What happens when you have two influential events in different cities, but on the same day? You remember why you built a team: many hands make light work! The Coalition for the Advanced Understanding of School Environments (CAUSE) did just that a couple of weeks ago when they were scheduled to present at the A4LE’s annual LearningSCAPES conference in Portland, Oregon and at the Council for Great City Schools conference in Dallas, Texas on the same day. Here are some reflections and lessons learned from both events:
Q&A with Dr. Michael C. Ralph, Vice President and the Director of Research with Multistudio
Q: CAUSE has presented at other conferences - what was unique about your experience at LearningSCAPES?
A: I am grateful first and foremost for the overall enthusiasm and support from the field. We had a terrific turnout and lots of interest from folks wanting to be involved. This is a coalition and I am proud we are developing an effort people want to be a part of. There was lots of discussion about the boundaries of what types of research we want to see standardized versus what should be unique decisions left to researchers/firms. For example, participants considered how CAUSE might support making connections between measured outcomes and the stories of students and educators.
Q: Why is the work of CAUSE important and what was the response from the LearningSCAPES attendees?
A: I continue to be struck by the shared interest in these kinds of tools and resources. CAUSE is developing these research tools as fast as we can, and I am hearing from participants over and over again that they want the tools and references as soon as we can share them. As our early work has already shown, the lack of publicly available tools has been a barrier to even open discussion of post-occupancy evaluations… and I hope CAUSE is poised to further dismantle that barrier.
Q: Getting this energy from LearningSCAPES, what are you looking forward to and how will that impact CAUSE’s next steps?

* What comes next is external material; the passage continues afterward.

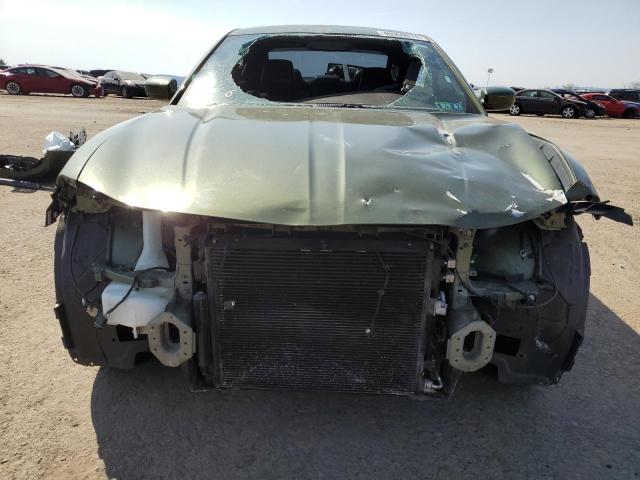 2C3CDXBG4LH211548 - 2020 DODGE CHARGER SXT GREEN photo 5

A: As we move forward into 2025, I am excited to see how the growing momentum translates to opportunities for further refinement of the CAUSE tools. I hope that as CAUSE begins planning for Cohort 2 with more school districts across the United States – with the learnings from our development with Cohort 1 in Austin Independent School District – we can continue to maintain the rigor and quality that has been the centerpiece of our work thus far.
Q&A with Dr. Raechel French, Director of Planning for Austin ISD
Q: The Council for Great City Schools centers on the innovation and transformation of education. How does a post-occupancy evaluation (POE) tool fit into this?
A: The Council for Great City Schools (CGCS) is a conference all about problem solving and sharing. Both of these tenants are central to our efforts in creating an open-source, open-science post-occupancy evaluation. School districts want to leverage any tool they can to support better outcomes for students and a better learning and teaching experience. If we can bring data to the table at this event, especially at scale, we could have incredible impact on how we approach school design as one of these levers.
Q: What was the response of the CGCS attendees and how does this influence the coalition work?
A: The response to our efforts was positive. Participants were engaged in hearing about existing research and approaches to learning space design and multiple school districts expressed interested in joining our CAUSE. I can only imagine more will join in as they see the results of our pilot study. I look forward to presenting our ongoing work at future conferences and building a network of like minded school districts.